GCN Circular 43480
Subject
EP260116a: COLIBRÍ observations of a tentative optical rebrightening
Event
Date
2026-01-20T18:36:58Z (11 days ago)
From
Alan Watson at UNAM <alan@astro.unam.mx>
Via
Web form
Alan M. Watson (UNAM), Noémie Globus (UNAM), Nathaniel R. Butler (ASU), Antonio de Ugarte Postigo (LAM) Jean-Luc Atteia (IRAP), Stéphane Basa (UAR Pytheas), William H. Lee (UNAM), Edilberto Aguilar-Ruiz (UNAM), Camila Angulo (UNAM), Dalya Akl (NYUAD), Sarah Antier (IJCLAB), Rosa L. Becerra (UNAM), Damien Dornic (CPPM), Jean-Grégoire Ducoin (CPPM), Francis Fortin (IRAP), Leonardo García García (UNAM), Ramandeep Gill (UNAM), Asuka Kuwata (UNAM), Nikos Mandarakas (LAM), Diego López-Cámara (UNAM), Francesco Magnani (CPPM), Enrique Moreno Méndez (UNAM), Margarita Pereyra (UNAM), Ny Avo Rakotondrainibe (LAM), Fredd Sánchez Álvarez (UNAM), and Benjamin Schneider (LAM) report:
We observed the field of EP260116a (Wang et al., GCN Circ. 43424) with the DDRAGO two-channel wide-field imager on the COLIBRÍ telescope from 2026-01-20 03:54 to 08:25 UTC (from 99.7 to 104.3 hours after the trigger) and obtained 142 and 198 minutes of exposure in the r and z filters, respectively. Conditions were poor with variable transparency.
The data were reduced, coadded, calibrated, and analyzed with the COLIBRÍ ASU pipeline. The photometry was calibrated using nearby stars from the PanSTARRS DR1 catalog, is in the AB system, and is not corrected for Galactic extinction.
Compared to our observations on the previous night (Butler et al., GCN Circ 43459), we measure an apparent rebrightening of
Delta r = -0.17 +/- 0.11
Delta z = -0.30 +/- 0.21
Individually, these apparent rebrightenings are only at the level of about 1.5 sigma. However, together they point to a possibly more significant result, minimally that the decay seen previously appears to have slowed.
Further observations are planned and encouraged.
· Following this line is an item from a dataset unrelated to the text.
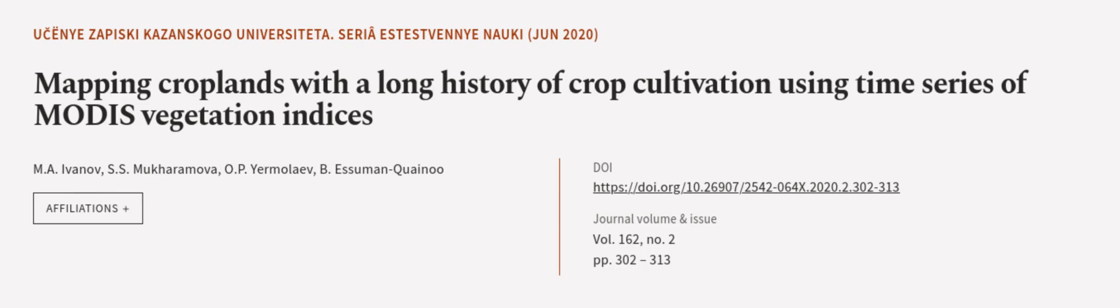This article was authored by M.A. Ivanov, S.S. Mukharamova, O.P. Yermolaev, and others. We are Article.TV. Links in the description below.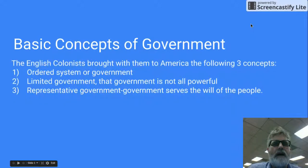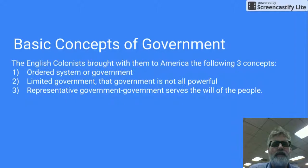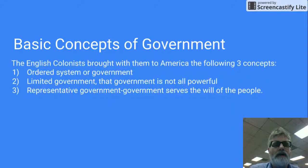There are three basic concepts of government that the English colonists brought with them to America. First, there was an ordered system of government — so there was not chaos, but actually an orderly system. Most of the time this took the form of a charter, such as a royal charter or a proprietary charter.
We thank the staff of the Observatorio Astronómico Nacional on the Sierra de San Pedro Mártir and the COLIBRÍ and DDRAGO engineering teams.
COLIBRÍ is an astronomical observatory developed and operated jointly by France (AMU, CNES and CNRS) and Mexico (UNAM and SECIHTI). It is located at the Observatorio Astronómico Nacional on the Sierra de San Pedro Mártir, Baja California, Mexico.